Diagnostic complexity is real. Some conditions take years to name. The average diagnostic delay for lupus alone is four to seven years, and it isn't even a particularly rare disease, merely uncommon. Tools like this exist to help you survive that journey and shorten it where and when possible.
Built by C. Alaric Moore, a USPS technician and mechanic and patient who got tired of being told her labs were normal.
Assisted by Claude Sonnet (Anthropic) for development support, h/t to Github's copilot for closing parentheses and other surprisningly convenient features.
Inspired by every patient who was told "your labs are fine" when they knew something was deeply wrong. Dedicated to the ones still waiting for someone to believe them.
Also inspired by the rheumatologist who fired me for being right about a lab interpretation. I might be sick, but I'm still a stubborn Okie.
GNU Affero General Public License v3.0 (AGPL-3.0)
This software is free for individuals and non-profits with attribution. Commercial entities wishing to use, modify, or deploy this software must obtain a separate commercial license.
The AGPL-3.0 requires that if you modify and deploy this software (including as a web service), you must make your modified source code available under the same license.
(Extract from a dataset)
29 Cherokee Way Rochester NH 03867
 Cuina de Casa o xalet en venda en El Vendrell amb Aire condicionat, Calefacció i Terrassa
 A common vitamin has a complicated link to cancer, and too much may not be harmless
See the LICENSE file for full terms. For commercial licensing inquiries, contact the author.
For bugs, feature requests, or questions, open an issue on GitHub. Check existing issues first -- your question might already be answered.
This is currently a one-person project built between doctor appointments and fixing machines and building terrariums. Response times may vary.
Take care of yourself. Trust your observations. Keep asking questions.